Расцвет реализма - [380]

Шрифт
Интервал

Толстой неоднократно подчеркивает однородность и личный характер внутренних побуждений народа. Общее благо (победа) изображается писателем как необходимый (закономерный) результат однонаправленных интересов множества людей, определявшихся всегда одним чувством — «скрытой теплотой патриотизма». Важно при этом, что в «Войне и мире» Толстой подвергает пристальному анализу пути служения «общему благу». В своем конкретном проявлении, как показывает писатель, эти пути могут оказаться мнимым добром, произволом, направленным на достижение сугубо личных целей.
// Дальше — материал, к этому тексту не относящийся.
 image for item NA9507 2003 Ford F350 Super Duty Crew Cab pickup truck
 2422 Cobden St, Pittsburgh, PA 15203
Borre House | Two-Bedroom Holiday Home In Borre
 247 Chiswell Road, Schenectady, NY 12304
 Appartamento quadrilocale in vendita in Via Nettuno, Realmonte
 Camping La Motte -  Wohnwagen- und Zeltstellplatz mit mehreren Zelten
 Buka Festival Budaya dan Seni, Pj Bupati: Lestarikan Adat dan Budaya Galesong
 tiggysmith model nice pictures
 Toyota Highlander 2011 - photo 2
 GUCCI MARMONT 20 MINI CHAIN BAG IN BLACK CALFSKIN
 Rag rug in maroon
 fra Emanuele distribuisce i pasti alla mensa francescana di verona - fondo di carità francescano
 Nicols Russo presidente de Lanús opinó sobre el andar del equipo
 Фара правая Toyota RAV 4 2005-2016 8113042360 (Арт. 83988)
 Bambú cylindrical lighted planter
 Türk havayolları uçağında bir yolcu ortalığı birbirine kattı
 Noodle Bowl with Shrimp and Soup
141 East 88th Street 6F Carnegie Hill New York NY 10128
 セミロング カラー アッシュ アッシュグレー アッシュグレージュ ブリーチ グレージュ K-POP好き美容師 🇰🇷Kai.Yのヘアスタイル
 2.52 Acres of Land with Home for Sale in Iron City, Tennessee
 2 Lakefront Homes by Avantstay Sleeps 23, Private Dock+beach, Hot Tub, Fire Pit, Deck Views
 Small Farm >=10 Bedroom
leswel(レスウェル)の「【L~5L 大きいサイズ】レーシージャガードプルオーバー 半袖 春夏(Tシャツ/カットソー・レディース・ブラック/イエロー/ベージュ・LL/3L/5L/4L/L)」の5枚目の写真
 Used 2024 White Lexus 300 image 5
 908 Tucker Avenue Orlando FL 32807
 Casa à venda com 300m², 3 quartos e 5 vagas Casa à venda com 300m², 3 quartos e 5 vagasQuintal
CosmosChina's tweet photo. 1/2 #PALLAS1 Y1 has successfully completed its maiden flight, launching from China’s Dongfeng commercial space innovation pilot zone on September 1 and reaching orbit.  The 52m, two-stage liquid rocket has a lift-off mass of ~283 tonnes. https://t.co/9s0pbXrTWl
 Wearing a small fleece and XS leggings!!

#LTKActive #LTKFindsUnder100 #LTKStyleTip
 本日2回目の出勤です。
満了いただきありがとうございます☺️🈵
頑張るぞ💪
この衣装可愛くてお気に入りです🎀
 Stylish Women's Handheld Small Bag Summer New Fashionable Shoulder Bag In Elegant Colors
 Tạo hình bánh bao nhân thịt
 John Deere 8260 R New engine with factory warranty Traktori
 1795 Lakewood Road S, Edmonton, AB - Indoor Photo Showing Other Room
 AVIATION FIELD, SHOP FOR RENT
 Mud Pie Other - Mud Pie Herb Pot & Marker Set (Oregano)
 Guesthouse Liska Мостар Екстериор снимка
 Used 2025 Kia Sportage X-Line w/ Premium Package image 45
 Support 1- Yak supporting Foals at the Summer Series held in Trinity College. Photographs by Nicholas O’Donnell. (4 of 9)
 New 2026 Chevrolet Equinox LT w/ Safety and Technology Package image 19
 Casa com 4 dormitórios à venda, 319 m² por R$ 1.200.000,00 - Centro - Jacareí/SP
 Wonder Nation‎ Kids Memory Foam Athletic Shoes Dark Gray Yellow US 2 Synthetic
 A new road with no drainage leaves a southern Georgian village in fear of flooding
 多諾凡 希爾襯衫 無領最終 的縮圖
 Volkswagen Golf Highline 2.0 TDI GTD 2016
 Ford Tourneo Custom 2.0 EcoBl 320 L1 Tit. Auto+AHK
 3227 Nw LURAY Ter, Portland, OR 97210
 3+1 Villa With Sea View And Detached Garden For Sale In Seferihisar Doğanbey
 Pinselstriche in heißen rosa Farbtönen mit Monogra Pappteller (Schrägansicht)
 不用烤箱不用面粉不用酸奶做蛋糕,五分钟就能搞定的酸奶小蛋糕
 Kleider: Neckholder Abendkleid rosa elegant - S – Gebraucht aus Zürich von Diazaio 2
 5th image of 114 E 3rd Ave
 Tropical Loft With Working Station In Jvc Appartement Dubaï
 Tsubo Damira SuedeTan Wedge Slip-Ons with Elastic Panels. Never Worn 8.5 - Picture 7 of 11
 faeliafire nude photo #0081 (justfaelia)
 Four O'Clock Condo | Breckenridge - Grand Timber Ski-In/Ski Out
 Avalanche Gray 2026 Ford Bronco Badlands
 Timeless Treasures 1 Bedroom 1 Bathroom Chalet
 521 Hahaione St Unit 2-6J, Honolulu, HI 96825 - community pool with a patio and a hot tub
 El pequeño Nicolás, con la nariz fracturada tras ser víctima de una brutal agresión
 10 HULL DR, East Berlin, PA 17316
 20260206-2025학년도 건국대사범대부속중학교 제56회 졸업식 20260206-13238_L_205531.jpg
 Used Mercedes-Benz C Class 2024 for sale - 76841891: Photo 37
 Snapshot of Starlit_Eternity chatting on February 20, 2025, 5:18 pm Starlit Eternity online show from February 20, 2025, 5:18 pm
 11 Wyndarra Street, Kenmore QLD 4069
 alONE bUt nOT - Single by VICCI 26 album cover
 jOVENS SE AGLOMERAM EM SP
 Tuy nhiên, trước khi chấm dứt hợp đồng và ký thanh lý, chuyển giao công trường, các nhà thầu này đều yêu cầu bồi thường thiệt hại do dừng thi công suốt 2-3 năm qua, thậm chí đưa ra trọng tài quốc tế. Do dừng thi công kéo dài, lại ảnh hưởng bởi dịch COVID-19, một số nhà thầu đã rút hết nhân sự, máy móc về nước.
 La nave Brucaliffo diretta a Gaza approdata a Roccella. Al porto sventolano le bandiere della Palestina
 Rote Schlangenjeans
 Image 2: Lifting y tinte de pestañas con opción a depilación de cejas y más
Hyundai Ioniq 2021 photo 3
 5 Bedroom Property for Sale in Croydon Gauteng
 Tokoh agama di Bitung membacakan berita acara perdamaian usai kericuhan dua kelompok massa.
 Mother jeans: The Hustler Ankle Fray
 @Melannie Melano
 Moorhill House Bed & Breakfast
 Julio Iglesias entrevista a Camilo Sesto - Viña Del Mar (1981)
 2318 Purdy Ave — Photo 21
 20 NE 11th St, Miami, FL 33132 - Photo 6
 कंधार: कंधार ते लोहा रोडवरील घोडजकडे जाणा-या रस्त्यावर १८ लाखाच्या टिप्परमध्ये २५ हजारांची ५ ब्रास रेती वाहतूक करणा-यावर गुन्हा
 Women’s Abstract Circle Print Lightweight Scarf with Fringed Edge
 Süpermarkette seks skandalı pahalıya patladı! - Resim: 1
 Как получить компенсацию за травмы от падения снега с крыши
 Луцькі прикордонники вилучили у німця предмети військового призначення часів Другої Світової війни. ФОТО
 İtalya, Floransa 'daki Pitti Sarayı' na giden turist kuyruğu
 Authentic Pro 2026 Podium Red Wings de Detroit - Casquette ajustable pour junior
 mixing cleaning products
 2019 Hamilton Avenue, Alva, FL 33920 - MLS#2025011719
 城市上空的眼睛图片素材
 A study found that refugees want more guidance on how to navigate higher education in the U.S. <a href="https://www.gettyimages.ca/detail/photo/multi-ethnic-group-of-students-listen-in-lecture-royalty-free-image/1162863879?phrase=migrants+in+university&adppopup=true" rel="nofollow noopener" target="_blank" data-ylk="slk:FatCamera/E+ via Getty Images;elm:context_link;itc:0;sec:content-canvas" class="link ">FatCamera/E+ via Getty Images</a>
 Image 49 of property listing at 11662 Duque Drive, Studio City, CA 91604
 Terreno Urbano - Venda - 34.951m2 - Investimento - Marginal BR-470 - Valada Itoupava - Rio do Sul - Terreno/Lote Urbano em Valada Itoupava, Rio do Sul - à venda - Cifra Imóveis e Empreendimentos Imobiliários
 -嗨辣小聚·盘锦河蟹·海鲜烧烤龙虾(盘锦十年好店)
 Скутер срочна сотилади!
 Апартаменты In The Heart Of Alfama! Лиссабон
Бестолковая и антигуманная деятельность Ростопчина — губернатора оставляемой всеми Москвы — и предстает в романе как «личный грех», произвол, надевающий маску «общего блага». Всякий раз мысль, успокаивающая Ростопчина, была одною и той же. «С тех пор, как существует мир и люди убивают друг друга, никогда ни один человек не совершил преступления над себе подобным, не успокаивая себя этою самою мыслью. Мысль эта, — пишет Толстой, — есть le bien publique,[691] предполагаемое благо других людей» (11, 348). Так вносится существенный корректив в собственные философские построения писателя конца 40-х — начала 50-х гг. Уже значительно позднее «Исповеди», в трактате 90-х гг. «Христианское учение» (1894–1896), это извращенно понимаемое «общее благо» как способ социального обмана, столь удобный для «сословия господствующего», Толстой открыто поставит в ряд «соблазнов» и назовет его ловушкой, в которую заманивается человек «подобием добра».

Произволу, надевающему маску «общего блага», противопоставляется в «Войне и мире» «общая жизнь», с которой связываются и размышления Толстого о «внутреннем» человеке, противостоящем человеку «внешнему». Понятия «внутренний человек» и «внешний человек» рождаются в сознании Пьера в период его разочарования в масонстве. Первое из них являет собою, по замыслу Толстого, «душу в жизни». Второе становится олицетворением «мертвенности» и «праха» души. Художественное воплощение «внутренний человек» в его наиболее завершенном виде находит в коллективном образе народа и образе Кутузова, носившем в себе «народное чувство» во всей «чистоте и силе его». «Внешний человек» — в Наполеоне.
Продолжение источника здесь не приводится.